I cash flow $100k a year off 20 doors and have built a ton of equity in a short amount of time. Happy to send a screen shot of the portfolio to anyone who wants to see, it just won’t allow me to attach pics to a reply.

Purchase: $80k-$130k

Rent: $1100-$1500 (no rent control in MI)

1% rule: 1%-1.4% rule deals

ROI: 10-14%

Cash flow: $250-$350/door (after all expenses and budgeting for maint, capex, vacancy)

Appreciation: 3-10%+ (has been double digit for a decade)

Location: C+, B-

These numbers are based on the "sweet spot" in Metro Detroit. These are largely in the suburbs and some markets within the city. You can find higher ROI (on paper) here and probably in other cities…but the probability of actually collecting rent significantly decreases. Where these numbers are found, there is a very high rate of rent actually being paid.

We have over a dozen Fortune 500 companies just in Metro Detroit with huge Healthcare, Auto, and mortgage industry National footprints. Ford, Rocket mortgage, Beaumont hospitals and more. All complimented with Amazon fulfillment centers, google, and more tech manufacturing jobs.

The bad reputation of “Detroit” comes from OOS investors wanting sub $40,000, D class properties. We don’t buy those. We have found what works and repeat it as much as funds allow. Detroit is known as the highest rent to price ratio in the country…and we’ve found the perfect balance of price/location within the area.

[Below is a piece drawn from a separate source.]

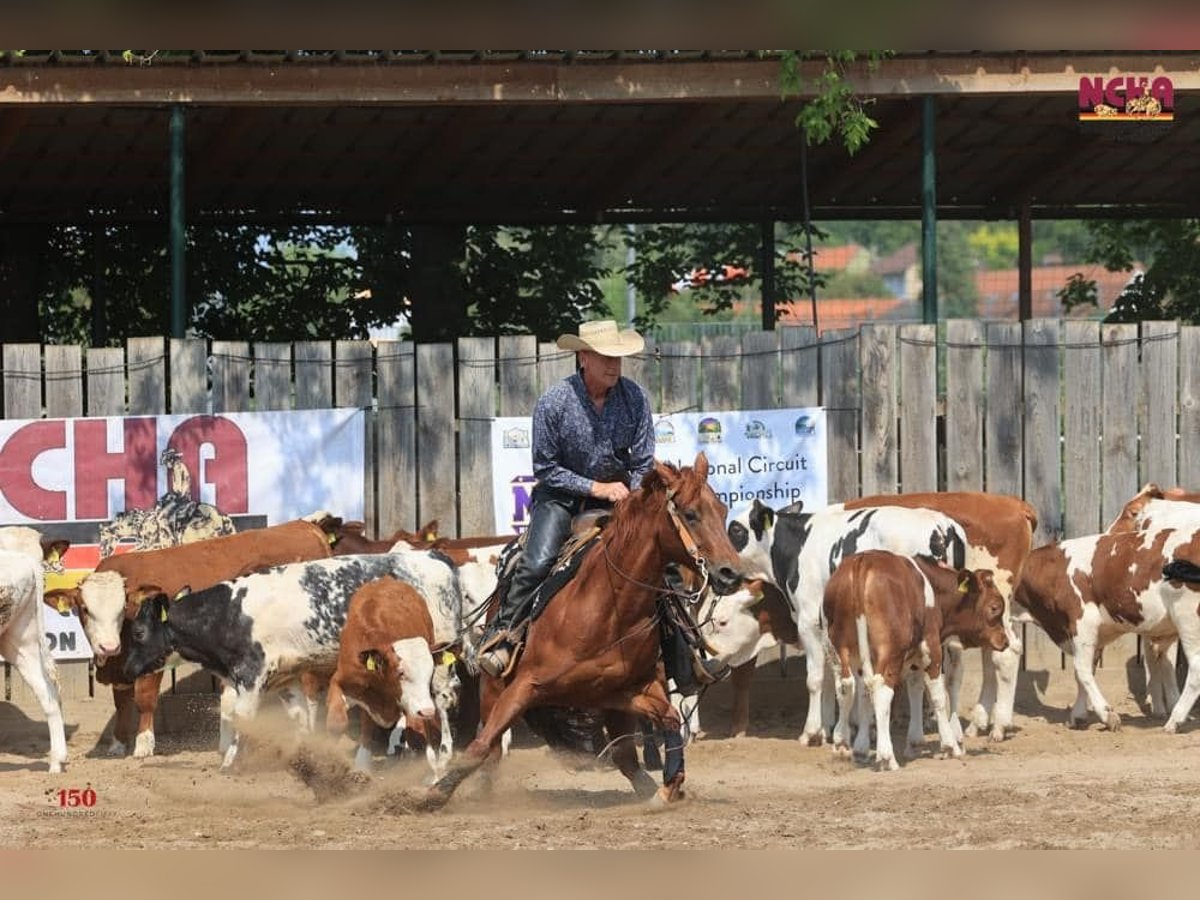 American Quarter Horse Giumenta 10 Anni 152 cm Sauro in Sinsheim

Thanks for sharing your numbers with the BP community, as it gives us a location to consider for investing. Of course we need to perform own analysis based upon our own criteria, but this helps to let folks know of promising areas. 

Post: Offer accepted on duplex, question about PM fees.

Jim Reynante
Pro Member
Posted
  • Posts 50
  • Votes 24

I have two PMs (for different areas of the country). One charges 9%, the other is 10%. The more expensive fee is for my rentals that generate a lower monthly rent. So in order to make it worth their time, I have found that most PMs want a higher fee if the monthly rent amount is lower.

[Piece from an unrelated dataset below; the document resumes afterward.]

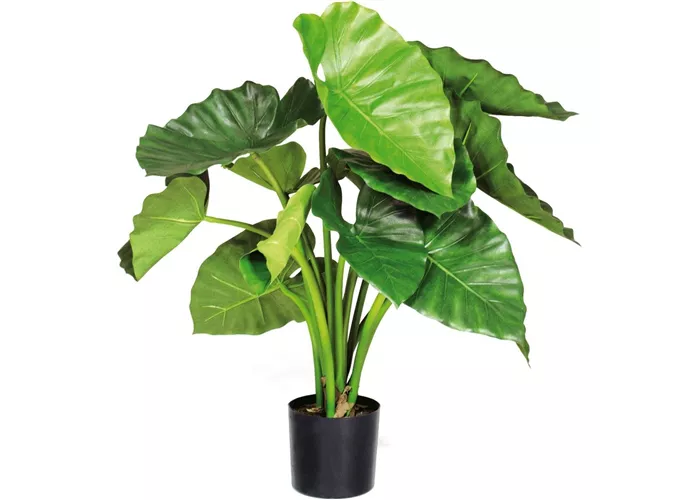 fleur ami ALOCASIA CALIDORA Kunstpflanze fleur ami ALOCASIA CALIDORA Kunstpflanze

For example, a rental that charges $500/mo would require paying a PM $50/mo using a 10% fee rate. Compare that to So Cal, where the rents are $3500/mo and the PM would cost me $350/mo. Both PMs perform similar work with similar effort.

Lower rent amount = Higher PM fees 

As owners/landlords, we want the lower fee but we need to balance that against the PM services and quality of their work. So research and shop around. Good luck to you

Post: Lawncare should be built into lease?

Jim Reynante
Pro Member
Posted
  • Posts 50
  • Votes 24

For me, I hire a professional lawn/landscape service to maintain my properties. The tenant pays for half of the service cost (included in the rent).

The result: Consistently good results every week... week after week. Plus the added curb appeal.

Post: Include lawn care/leaf pick up/weed picking in rental price?

Jim Reynante
Pro Member
Posted
  • Posts 50
  • Votes 24

I am thinking that I am in the minority, for me I expect the landscaping of my rentals to be well groomed. So I hire professional gardeners to take of my properties. Not the neighborhood kid, not someone's friend of a relative, etc.

My gardeners are at my properties 1 x week, rain or shine (doesn't rain too often in So Cal). The cost varies depending on the lot size and complexity (small grass patch vs botanical garden.)

For the extra money (the tenant pays half), I get consistency and some good curb appeal. It's worth it to me, but I understand that many landlords don't want to hire a lawn service and expect their tenants to do a decent job of maintaining their property.